* **Assigned task**: Leave out the pictures, and quote exactly the lines running from the one with "HERMES strap Anyo" through the last line of the entries below.

[Stored items]

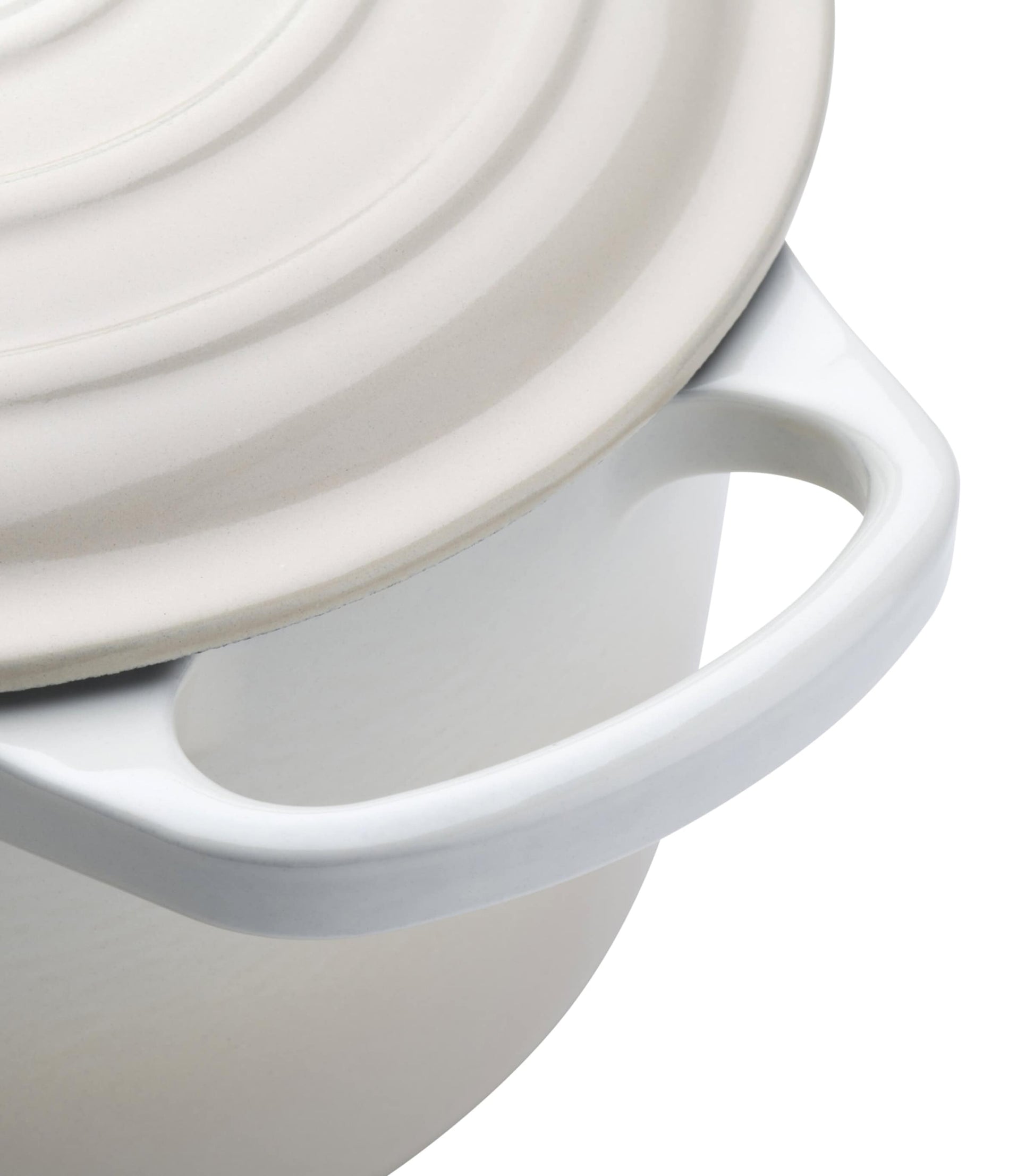 Cast Iron Oval Casserole Dish (29cm)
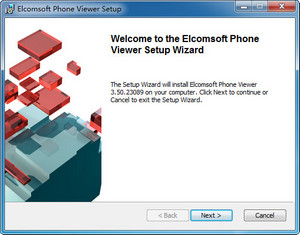 Elcomsoft Phone Viewer windows版 3.50软件截图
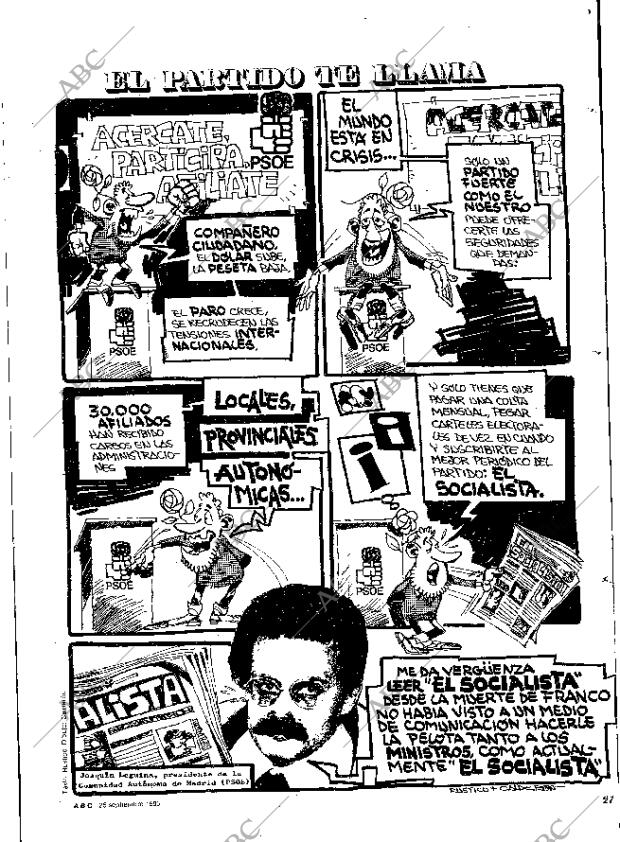 ABC SEVILLA 25-09-1983 página 99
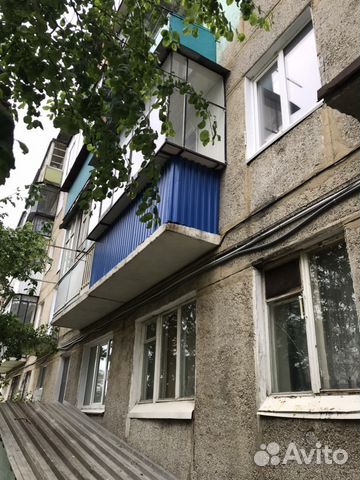 2-к квартира, 47 м², 2/5 эт.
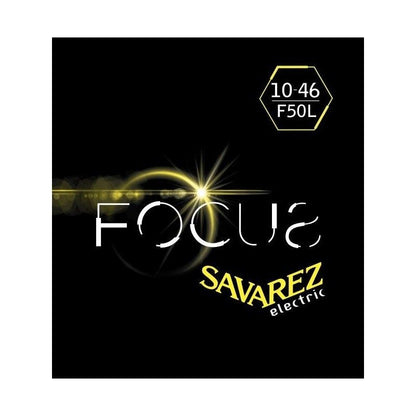 Savarez Focus Guitare Électrique 10-46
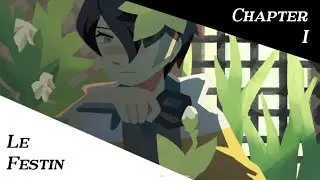 Danganronpa Lapse Chapter 1 (No Commentary) #1
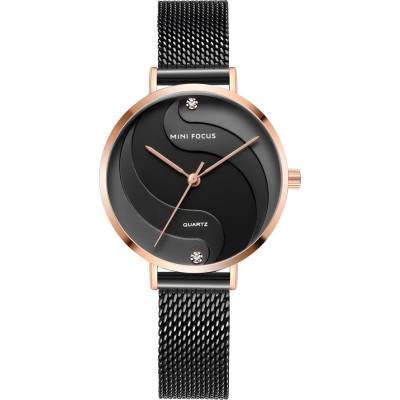 MINI FOCUS Часовник Mini Focus MA-23871 - черен KP23871 (MA-23871)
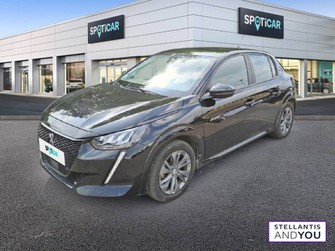 Photo Peugeot 208 Electrique 50 kWh 136ch Active Business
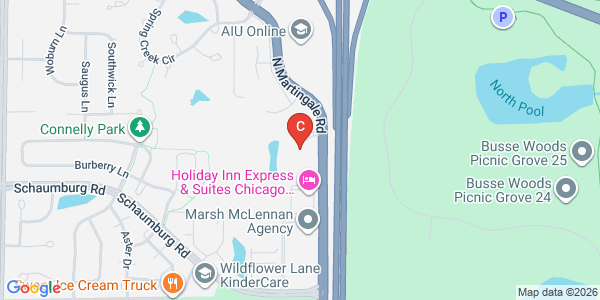 location map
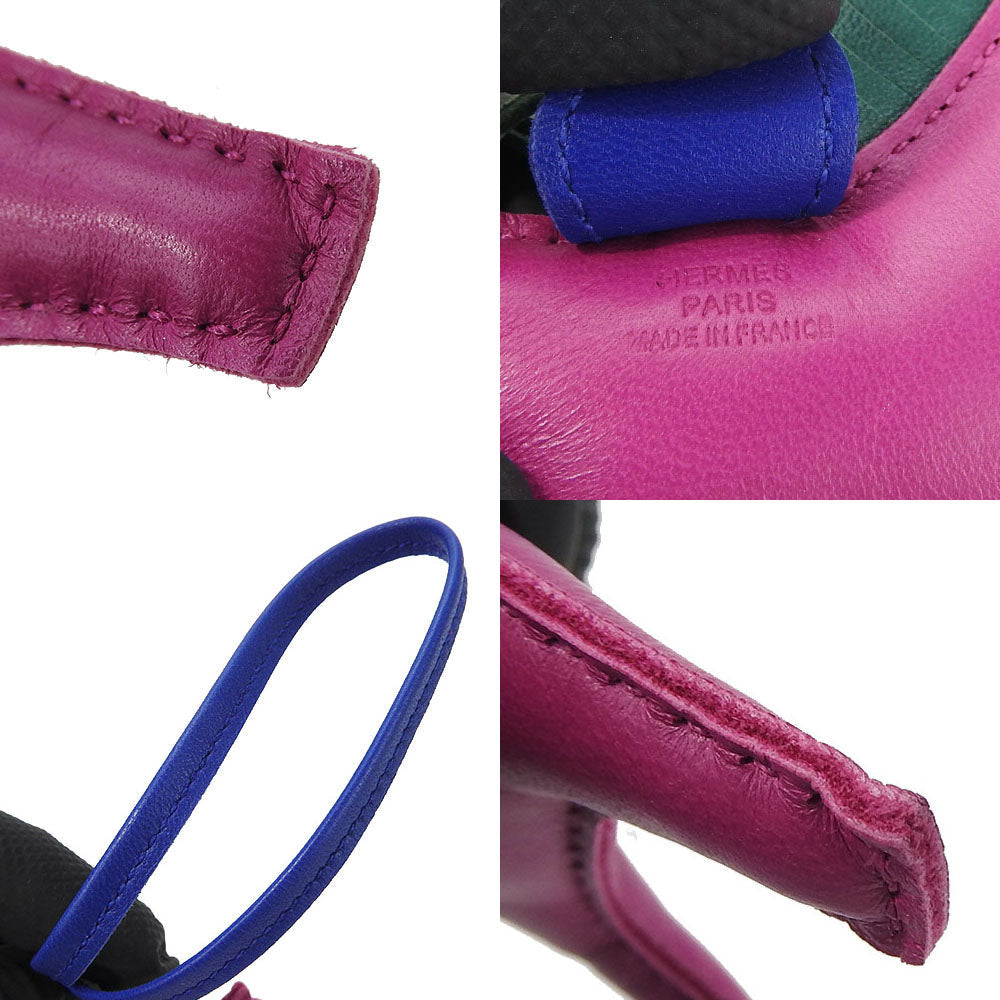 HERMES strap Anyo Miro multicolor Rodeo PM Women
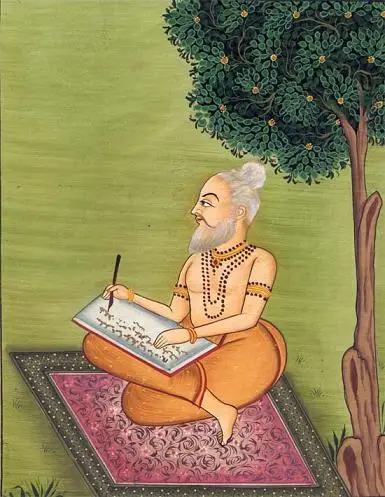 List of Famous Poets in India - Valmiki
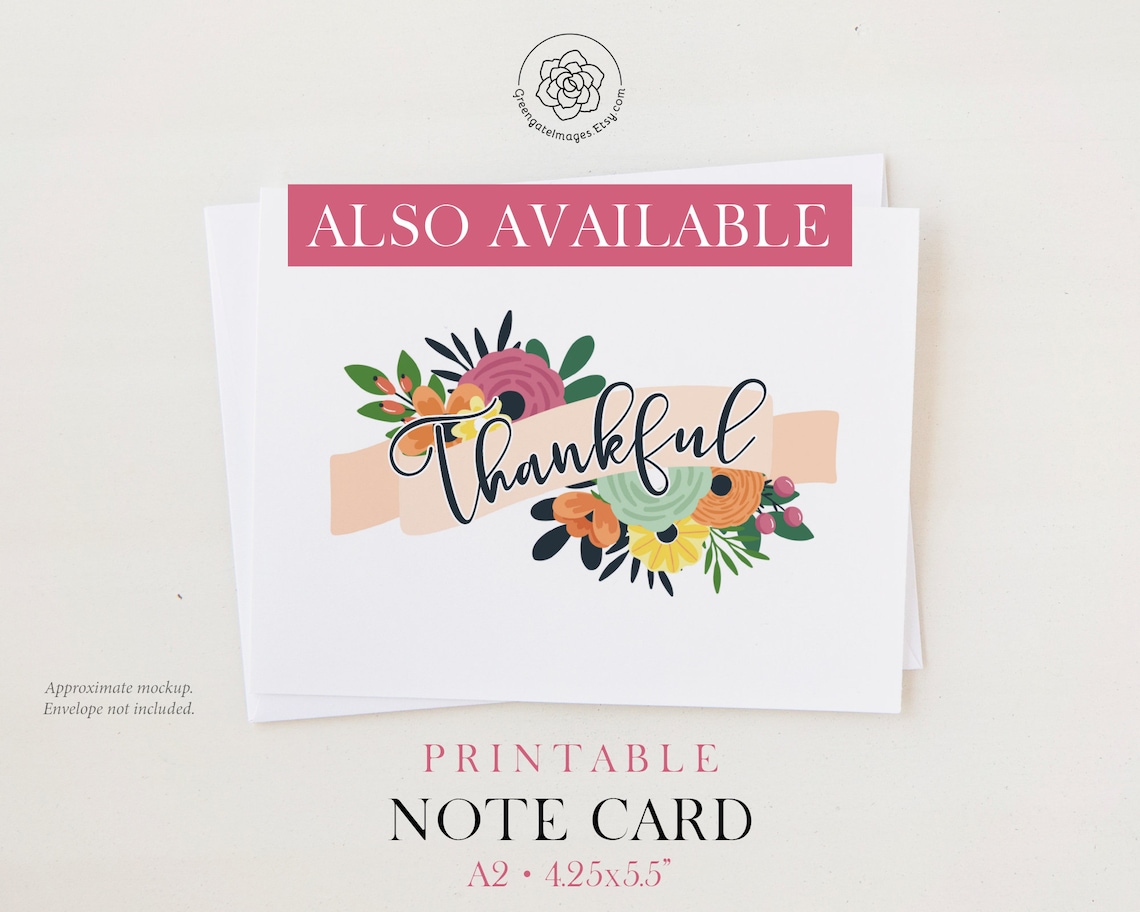 Thankful Candy Bar Wrappers PRINTABLE Hershey bar wrapper | Etsy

* **Written response**:
 HERMES strap Anyo Miro multicolor Rodeo PM Women
 List of Famous Poets in India - Valmiki
 Thankful Candy Bar Wrappers PRINTABLE Hershey bar wrapper | Etsy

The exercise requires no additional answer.